## The input
***
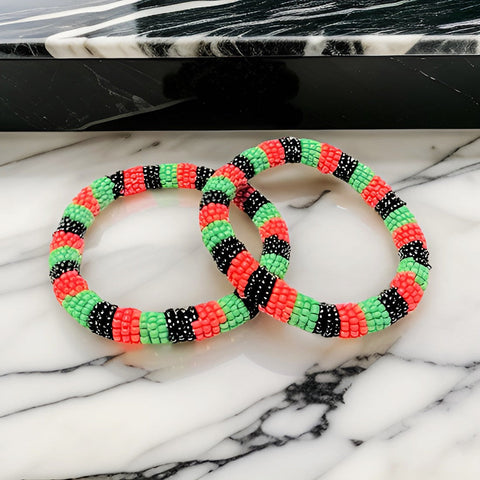 African Color Beaded Unisex Bracelet - Premium Jewelry from MAGOS - Just $8! Shop this and more Jewelry now 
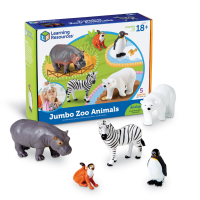 Jumbo Zoo Animals, Set of 5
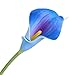 Luyue Calla Lily Bridal Wedding Bouquet Head Lataex Real Touch Flower Bouquets Pack of 20 (Blue)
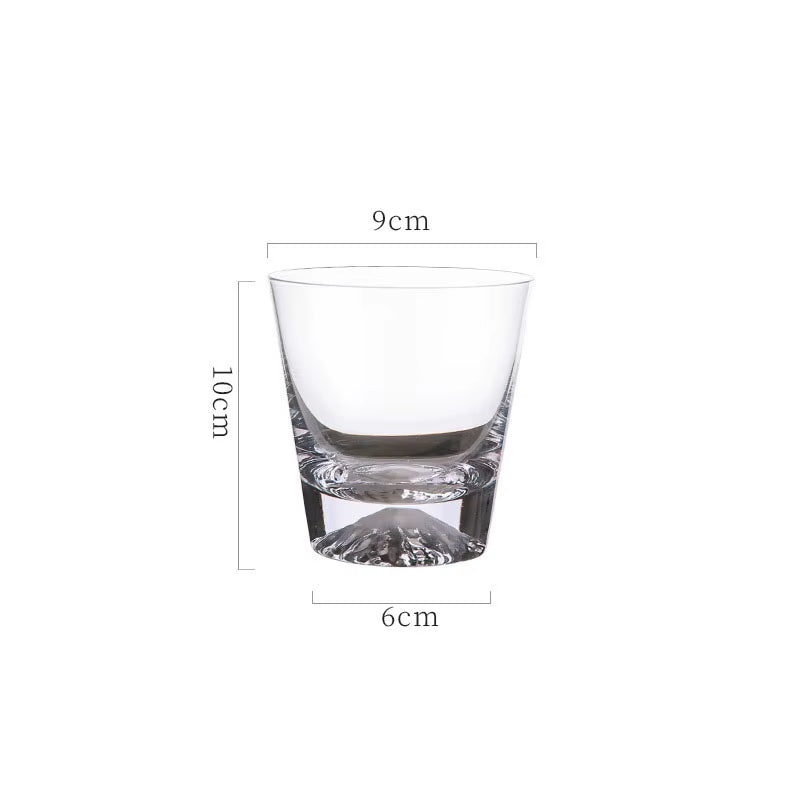 Mount Fuji Glass Tumblers, Set of 2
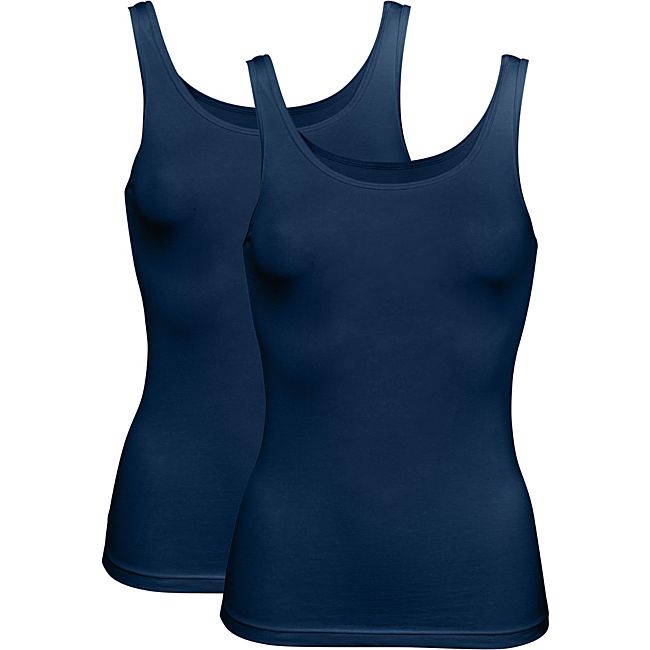 babybutt Erwin Müller Single-Jersey Damen-Unterhemd im 2er-Pack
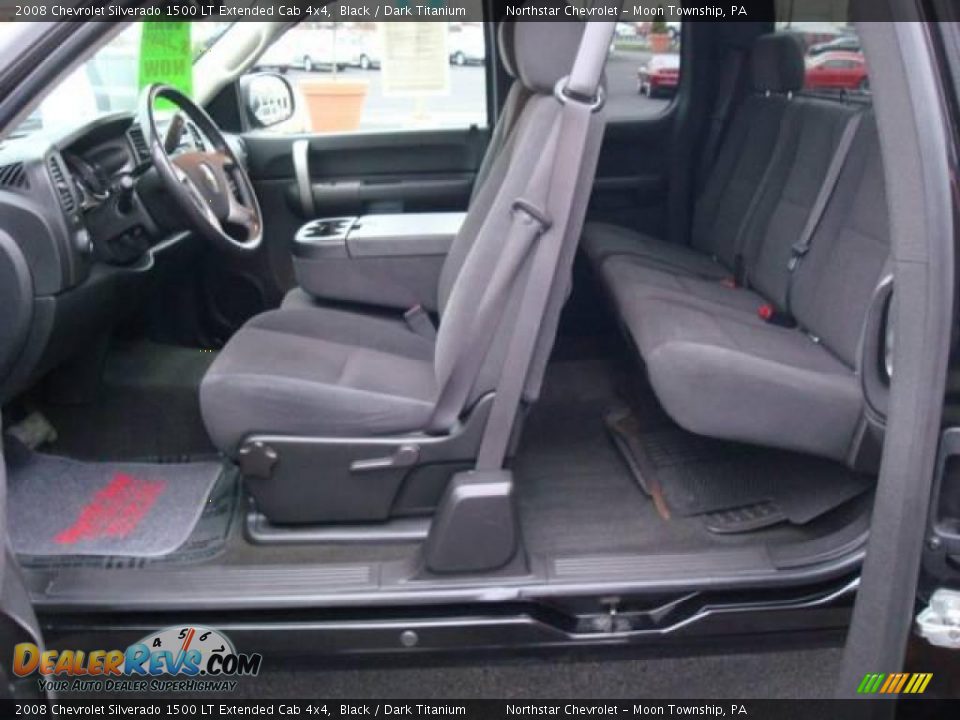 2008 Chevrolet Silverado 1500 LT Extended Cab 4x4 Black / Dark Titanium Photo #16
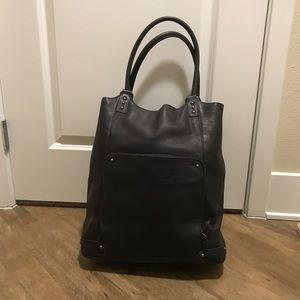 Mocha Laptop Leather Bag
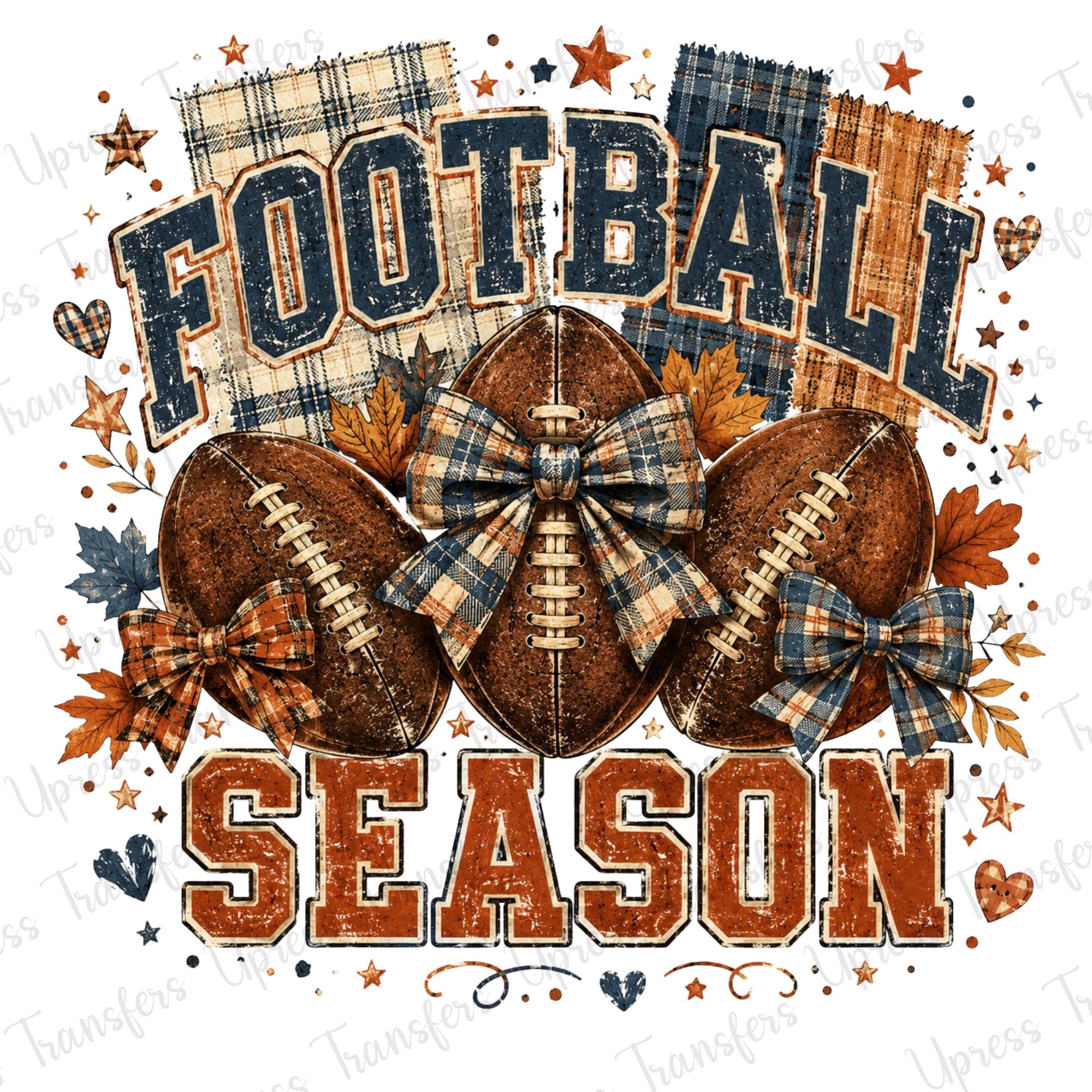 Plaid Fabric Football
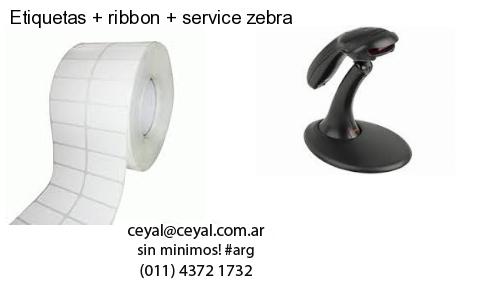 Etiquetas   ribbon   service zebra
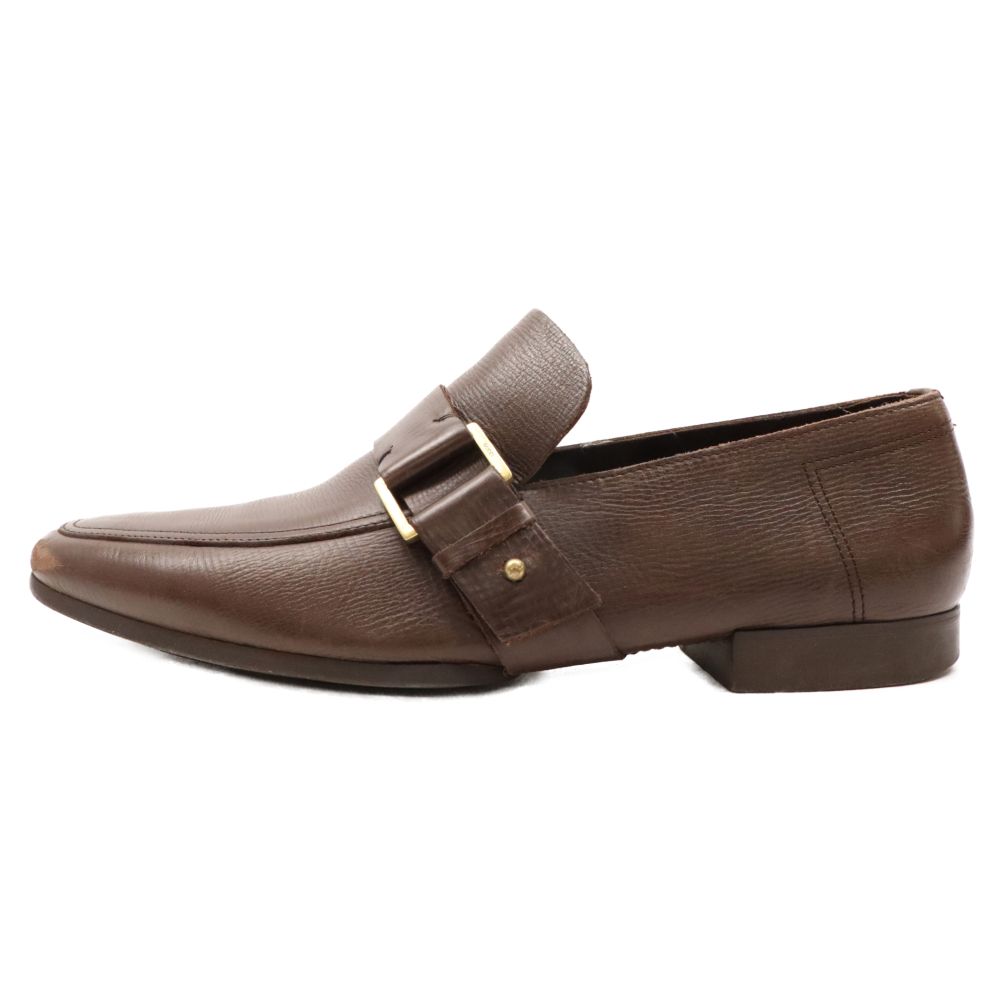 GUCCI GUCCI グッチ レザーローファー スリッポン ブラウン 108143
***
## About this task
Reproduce, with the pictures omitted, exactly those lines that run from the line with "Mount Fuji Glass Tumblers, Set of 2" to the last line of the material, both ends included.

## Answer area
 Mount Fuji Glass Tumblers, Set of 2
 babybutt Erwin Müller Single-Jersey Damen-Unterhemd im 2er-Pack
 2008 Chevrolet Silverado 1500 LT Extended Cab 4x4 Black / Dark Titanium Photo #16
 Mocha Laptop Leather Bag
 Plaid Fabric Football
 Etiquetas   ribbon   service zebra
 GUCCI GUCCI グッチ レザーローファー スリッポン ブラウン 108143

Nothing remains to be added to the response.